== EXERCISE DATA
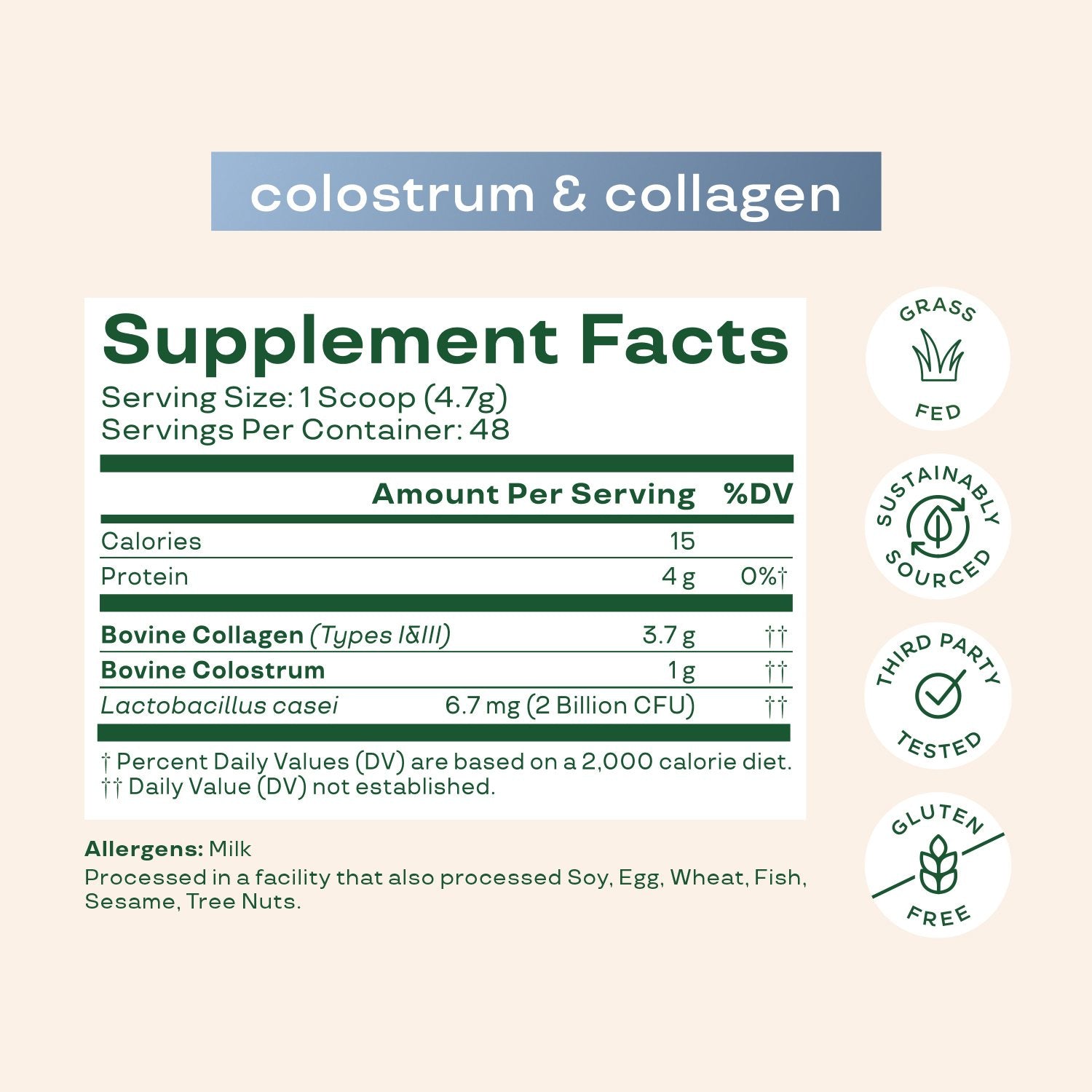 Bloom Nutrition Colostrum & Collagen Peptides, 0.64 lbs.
====
== EXERCISE DATA
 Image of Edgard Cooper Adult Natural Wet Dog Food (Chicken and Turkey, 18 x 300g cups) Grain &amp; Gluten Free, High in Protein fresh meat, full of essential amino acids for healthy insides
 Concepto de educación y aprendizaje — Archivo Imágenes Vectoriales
====
Give the exact lines, and only those, from the line containing "Image of Edgard" through the line containing "Concepto de educación" in the entries above.

YOUR SOLUTION:
 Image of Edgard Cooper Adult Natural Wet Dog Food (Chicken and Turkey, 18 x 300g cups) Grain &amp; Gluten Free, High in Protein fresh meat, full of essential amino acids for healthy insides
 Concepto de educación y aprendizaje — Archivo Imágenes Vectoriales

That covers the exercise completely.